[Excerpts from a dataset]
*** Block opens ***
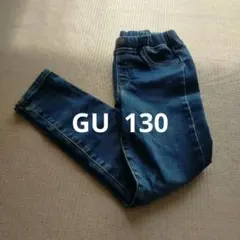 GU デニムブルー ロングパンツ 130
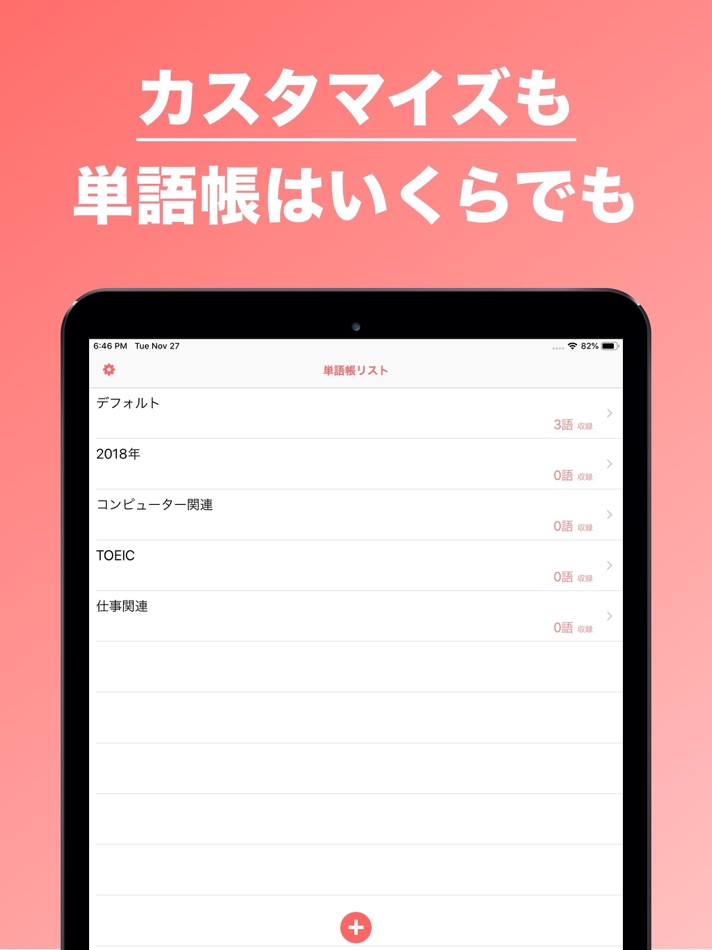 #4. 自分で作成する英単語帳 (iOS) 由: Kazuya Kobayashi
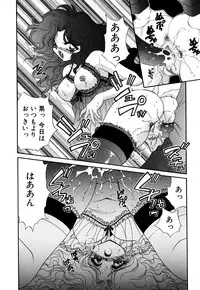 [Nekojima Lei] Kigurumi Sentai Quiltian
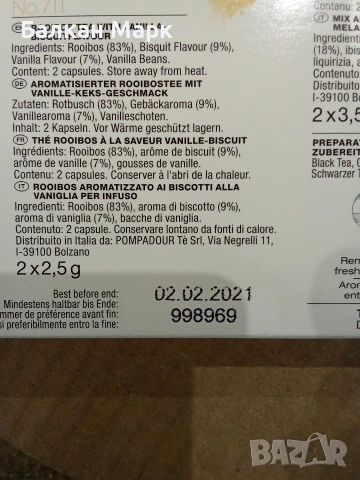 Машина за чай с капсули TEEKANNE Tealounge System (K-fee), снимка 11 - Други стоки за дома - 54551195
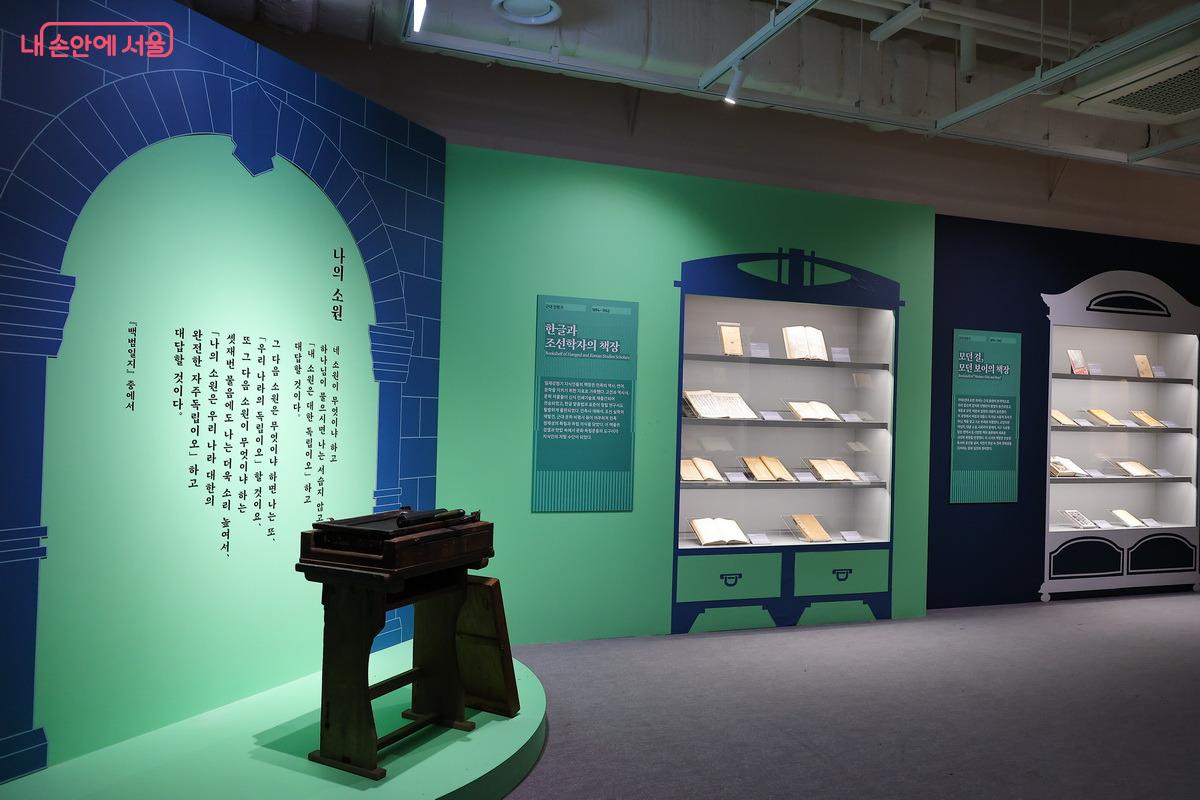 일제강점기 지식인들의 ‘한글과 조선학자의 책장’ ©박성환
*** Block closes ***
Required work:
Without including any picture, retype the entries exactly.

Reply:
 GU デニムブルー ロングパンツ 130
 #4. 自分で作成する英単語帳 (iOS) 由: Kazuya Kobayashi
 [Nekojima Lei] Kigurumi Sentai Quiltian
 Машина за чай с капсули TEEKANNE Tealounge System (K-fee), снимка 11 - Други стоки за дома - 54551195
 일제강점기 지식인들의 ‘한글과 조선학자의 책장’ ©박성환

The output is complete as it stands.